Après avoir assuré la qualification du bateau (1200 milles en solitaire dont au moins 120 milles au près dans au moins 25 nœuds de vent), Pierre Lacaze, skipper amateur aguerri avec une 10e place sur la Transat Jacques Vabre 2017 en compagnie de Yoann Richomme, a dû renoncer (problème médical). À l’image de l’association Kattan dont il est l’un des fondateurs et qui œuvre pour ouvrir de nouvelles portes aux jeunes de zones d’éducation prioritaires, Pierre a souhaité donner sa chance à François en lui donnant « les clés du bateau ». « J’avais déjà travaille avec Fanch en 2016/2017, explique Pierre. Il était le directeur technique de ce nouveau projet. Il mérite cette course. Quand j’ai compris que je ne pourrai pas naviguer, je lui ai immédiatement proposé de skipper le bateau. Je le connais depuis longtemps. C’est un vrai marin, de confiance, adorable. Ça me fait plaisir pour lui. » Fanch n’a évidemment pas hésité une seconde. « J’étais d’abord très déçu pour Pierre, confie le nouveau skipper. La Route du Rhum, ça représente mes premiers rêves de large. J’ai l’impression d’avoir toujours eu cette course en moi comme quelque chose d’exceptionnel à réaliser un jour. Ce sont des grands noms, de grandes histoires. Je relisais encore il y a quelques jours le récit d’Halvard Mabire et de ses participations dans les années 90. Je me nourris de ça, c’est mythique. » Dès l’appel de Pierre, Fanch a dû vite retrouver ses repères et se replonger dans le contexte de la compétition. « Le temps d’entraînement a été très réduit, insiste-t-il. D’autant plus que ces derniers mois, j’ai beaucoup skippé en classique sur Moonbeam IV, un plan Fife de 1914. Il fait 35 mètres, 40 mètres avec bout-dehors, et nous étions 22 à bord ! Mais j’ai la chance de bien connaître Kattan. Il est ancien certes mais il affiche encore de jolies performances. Il est propre, élégant et a une sacrée histoire. Il a quand même gagné le Rhum ! »

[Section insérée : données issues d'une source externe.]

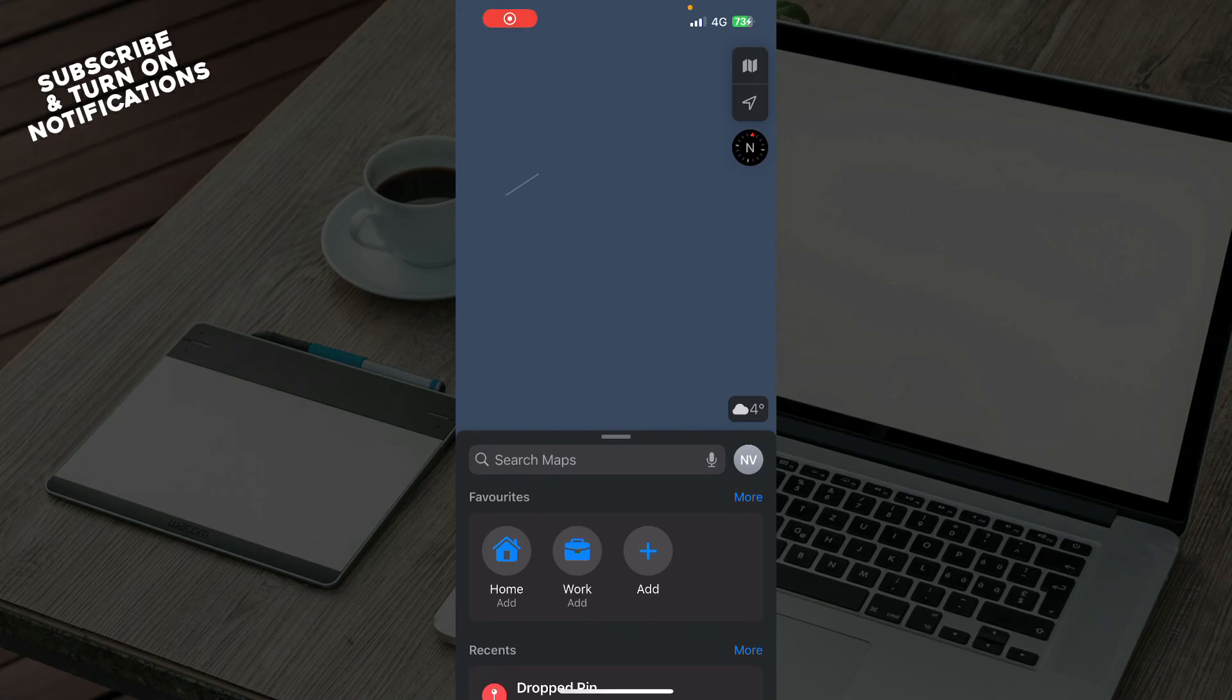Hello guys and welcome back to this channel where today I'll be showing you how to stop Apple Maps from automatically routing.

NAVIGUER EN SOLITAIRE, UNE EXPÉRIENCE UNIQUE
Le skipper devra aussi se replonger dans l’approche très particulière d’une course en solitaire. « Naviguer en solitaire demande plus de vigilance. Ça demande aussi de savoir où l’on pose ses limites en acceptant de voir les foilers partir alors qu’on pousse le bateau autant qu’eux. Le solitaire c’est aussi aller chercher certaines choses qu’on ne trouve pas ailleurs. Il faut gérer, on est responsable de tout et c’est aussi ça que j’aime beaucoup. » Entouré par Aymeric Belloir et Corentin Cusant, les deux préparateurs du bateau, Fanch a entamé le compte-à-rebours jusqu’au départ. « Nous allons naviguer cette semaine en faux solo au large sur des sessions de trois jours et deux nuits, explique le skipper. Les bateaux doivent arriver à Saint-Malo vers le 25 octobre ce qui ne laisse plus trop de temps. On va profter du convoyage pour faire trois jours en mer, en fonction évidemment des conditions météos car ce serait dommage de casser le bateau avant. »
LE VENDÉE GLOBE EN LIGNE DE MIRE
Malgré l’ancienneté du bateau, Fanch est convaincu du potentiel de son bateau. « Dans certaines conditions de mer et de vent, il peut encore batailler avec des bateaux plus récents, estime-t-il. Évidemment sans foil et avec un peu de poids en trop, il reste en retrait au portant. » Pierre Lacaze croit lui aussi à la qualité de son monocoque, basé à Port-la-Forêt. « Avant toute chose, ce qui m’importe c’est de retrouver Fanch en Guadeloupe en pleine forme, commente-t-il. Mais j’aimerais aussi qu’il fasse un bon début de course. S’il y a un peu de mer et de la navigation au près au départ, sur les trois ou quatre premiers jours, il peut créer la surprise. Après, dans les alizés, ça redeviendra plus compliqué. » Au-delà de la Route du Rhum, les deux hommes se projettent déjà vers une autre échéance : le Vendée Globe 2024. « Pour l’instant le bateau ne peut pas être qualifié, précise Fanch. Une nouvelle règle stipule que les bateaux avec un certificat de jauge établi avant le 1er janvier 2005 ne sont pas autorisés à faire le Vendée même s’ils restent dans la classe Imoca. Mais des bateaux comme celui de Pierre sont en très bon état, parfaitement entretenus et encore compétitifs. Kattan correspond à tous les critères, notamment sur la sécurité. »
La Route du Rhum sera donc également une très belle opportunité de prouver que le doyen de la flotte a encore un très bel avenir.